While there have been less M&A deals in the marketplace and fewer assets on the market in recent months, appetite and prices remain high and could do for some time, according to a senior Yorkshire dealmaker.

Speaking to TheBusinessDesk.com, KPMG partner Christian Mayo, who heads up the Corporate Finance team in Yorkshire, said that while deal volumes overall were down 25% on this time last year, there was a fair bit of opportunity and reason to be optimistic – especially in the owner-entrepreneur space.

Talking of the impact of Brexit, Mayo said businesses had paused in decision making and the area that had most seen a drop in deal activity in was the Private Equity space. He added that this was an outcome that was to be expected and had been planned for.

Mayo added: “But the owner-entrepreneur businesses have been far less impacted; though there are a lot less assets in the market.

“Pricing and appetite is staying really high and that’s a good thing.

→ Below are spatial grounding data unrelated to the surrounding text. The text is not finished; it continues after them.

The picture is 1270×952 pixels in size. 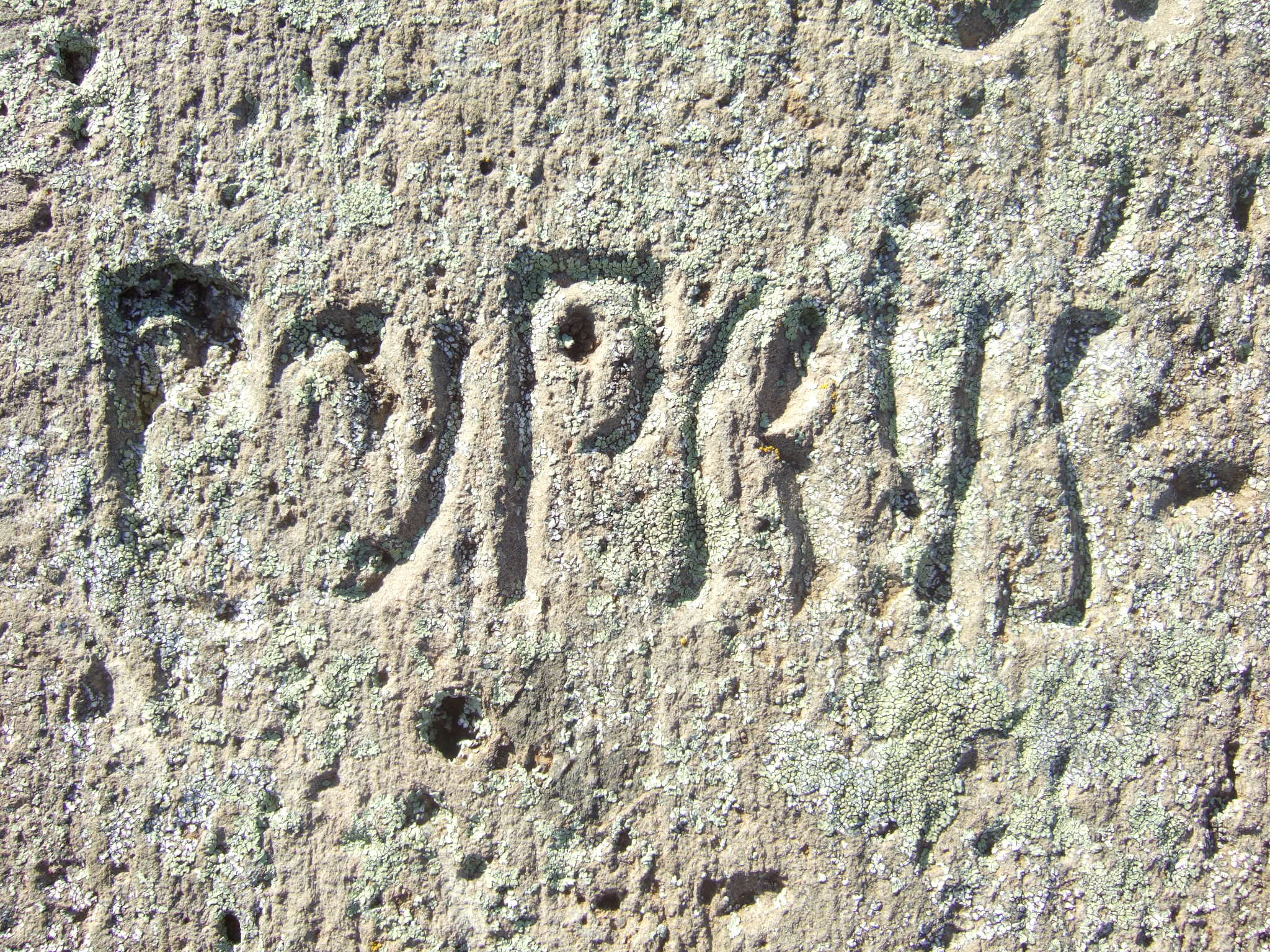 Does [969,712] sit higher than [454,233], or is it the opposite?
[454,233]

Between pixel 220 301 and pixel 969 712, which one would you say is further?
pixel 220 301

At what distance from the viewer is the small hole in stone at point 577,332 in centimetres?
135

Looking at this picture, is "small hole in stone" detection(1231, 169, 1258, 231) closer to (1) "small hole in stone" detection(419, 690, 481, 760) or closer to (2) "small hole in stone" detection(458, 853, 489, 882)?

Especially given that we weren’t quite sure exactly what was going to happen.

“In fact, the high prices now are as high as they were before the last crash; we are right back at that level of pricing. The leverage of debt is also at the same levels but that has moved to debt funds rather than banks.”

Mayo said that there remains “lots of money” in Private Equity and that outside of Europe, trade buyers were looking favourably on the UK marketplace because of the cheaper currency. And he expects things to pick up for European business looking towards the UK too, as “the risk of a hard Brexit has slipped.”

He added: “People were nervous that pricing would drop and appetite would decline. That has just not happened.”

Mayo added that KPMG’s deal volumes in the owner-entrepreneur marketplace had been flat year-on-year; but that put the Big Four firm “effectively” 25% ahead of the rest of the market.

He added: “Things are as good as they can be. But what we are seeing is that people with appetite to do deals are looking at things earlier. The process takes six months but people are looking 12 months out at a potential deal. We are having a lot more conversations earlier on – it has been a noticeable step-up.”

Mayo added that he believes that the prices have now reached the peak and that they could flat-line at the top level for some time, before the cycle begins again. He added: “I can only see the economy going one way from here, which isn’t up; but I really don’t think anybody is panicking.

“We are right at the top of the cycle. We could well be at the top of that cycle for six or seven years or we could see a downturn sooner.

“But the underlying economy is really quite strong. We are not seeing people talk about a downturn and we take a lot of confidence from that.”

Of certain sectors, Mayo said that the high street had struggled because of structural issues as well as the cyclical effect of the economy. “It is becoming a bit of a no-no for M&A; there is a lot less appetite.”

“But that is contained in the high street. Although there is a little bit of hesitation around the construction sector too but that has never been a big area of M&A for us.”

Mayo said that deals in tech were growing, with demand in M&A activity rising within the sector. He also named “niche” sectors as a strong contender; one of those areas being craft breweries. He said: “There is a real demand for craft brewers and there is heavy consolidation occurring.”

Mayo said he loved the variety of work he and his team is currently working on. He added: “The fact that pricing is the highest ever for 20 years is just encouraging for M&A activity. Yes, deal volumes are down but that’s understandable at present.”